Write. Write. Write. Classes can help you with motivation, and understanding craft, but you learn to write by writing. It’s hard work. It’s not always fun. Don’t wait for inspiration. Inspiration will come, but you have to be at your desk writing to take advantage of it.

Some days you’ll think you’re writing Pulitzer Prize winning prose. Some days you’ll think it’s all junk. You can’t listen to either voice. Just keep going. Toughen up. Critique is hard, but you can’t grow as a writer without it. Expect magic to happen. It will, but only if you put in the time.

Read, read, read. Reading will help you learn. The more you write, the more you’ll see what you do well, and don’t do so well. Once you begin to see your weaknesses, your reading will take on new meaning. You’ll begin to see how other writers handle the same issues ? the solutions, often elegant, that they’ve found and you can learn from. Reading like a writer is to see not just the story, but the nuts and bolts, the underlying structure. Anything you do to put off writing is probably a mistake. Write!
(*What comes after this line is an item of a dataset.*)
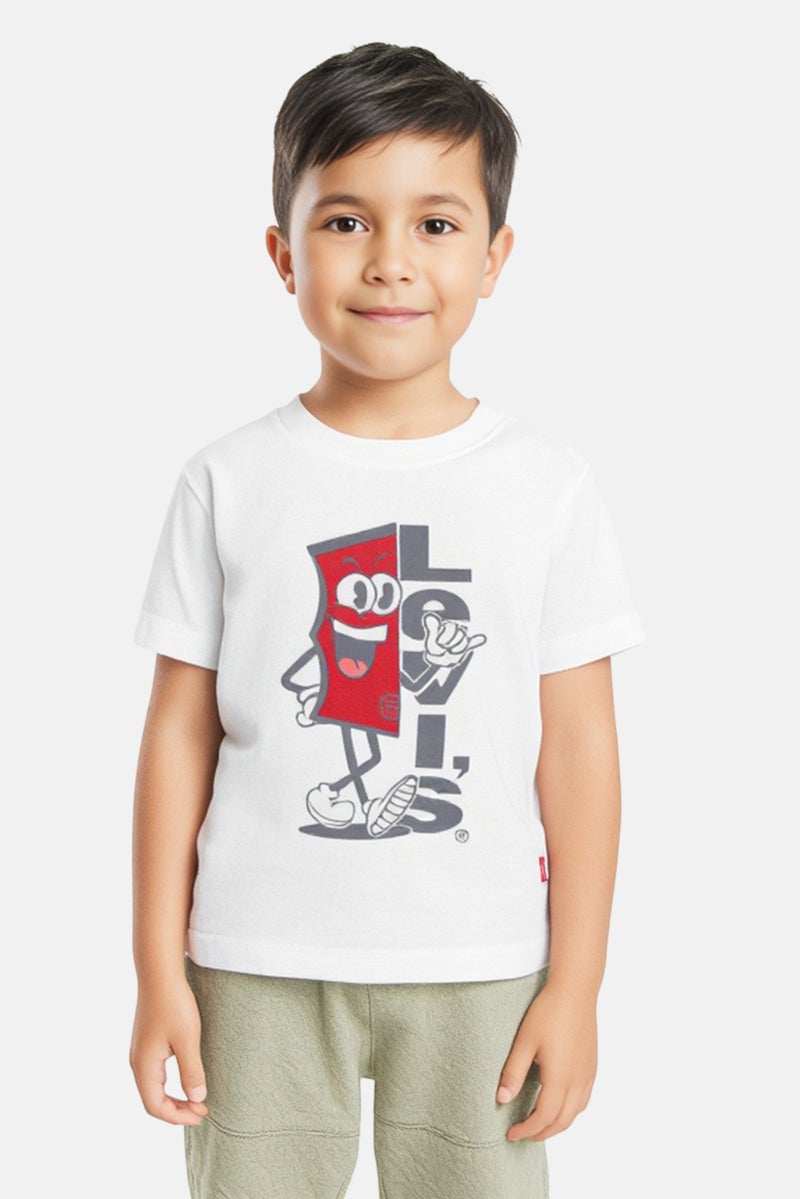 Levi's تي شيرت قصير الأكمام بألوان جرافيك للأطفال الأولاد، أبيض - Image 1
7. How many books have you written?


8. Do you have any tricks or tips to help others become a better writer (please be as specific and information as you possibly can)?

Well, because I think one element differentiates writers who get published from writers who don’t, let’s talk about discipline. I’ve been teaching a class called “Writing the Modern Mystery” for seventeen years. During that time, I’ve come across lots of wonderful writers. What I don’t know about those people is -- do they have the discipline to actually spend the time to finish a book. It may sound simplistic, but it’s the people who finish books who ultimately get published, not people who work erratically on a story year after year. You have to be a self-starter. In my opinion, you have to take the decision -- to write or not to write -- off the table. You make a commitment: Every Monday and Thursday evening I will write for two hours. Or every Saturday afternoon I will spend four hours working on my book. No excuses. Now, of course, life doesn’t always work like that, but the more you can do to take the decision away from yourself, the better off you’ll be if you have trouble with discipline.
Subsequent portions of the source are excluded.